Over the past five years, Chinese authorities have stabilized the exchange rate at about 15 U.S. cents to the yuan. China has no interest in starting a war over treasuries. The damage such war could provoke is moderate, especially if the Fed reacted with more monetization. Moreover, selling treasuries and putting pressure on the dollar would lead to an appreciation of the yuan, which is not in Beijing’s interest.
The long run is different. If China wants to expand the role of the yuan as an international currency at the expense of the dollar, it might well decide to undermine the dollar’s reliability. But this does not seem likely to happen soon.
Although financial markets are global, Europe’s large and increasing government debts are a European problem. They are likely to stay that way as long as Frankfurt keeps a lid on interest rates, relies on monetization and nudges European financial institutions toward buying government bonds.
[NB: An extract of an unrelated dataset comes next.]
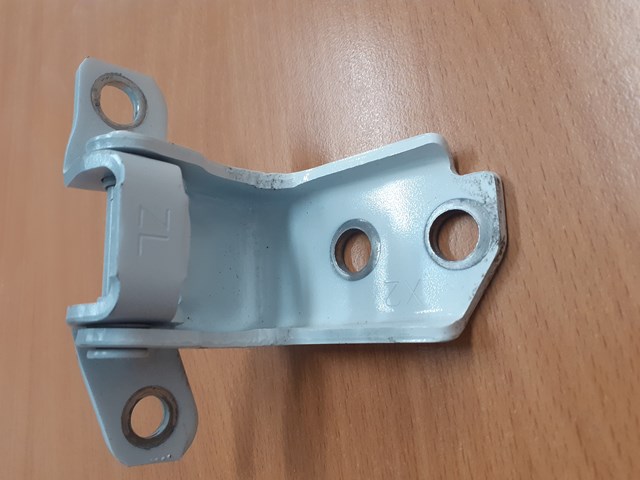 Петля задней двери, правой KB7W72240 MAZDA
The picture could change if Brussels issues its own EU bonds, if it no longer finds buyers within the bloc, or if Frankfurt stops monetizing the debt and forces EU authorities to make economic or political concessions to persuade potential non-European creditors to intervene. This is unlikely.
As for the U.S., monetization has helped defuse the international repercussions of the rise in public debt, which is prominent in the portfolios of global investors and central bankers. Although the sustainability of U.S. public debt depends somewhat on decisions made in Beijing, the danger is limited, at least in the short term.
On one hand, although the Chinese do hold large amounts of treasuries, they are just a small fraction of the U.S. debt. Selling them would inflict relatively minor damage. Yet despite its profligacy, the Fed has failed to do whatever it takes to keep interest rates low, and has ensured that treasuries remain attractive, given the poor alternative – the euro.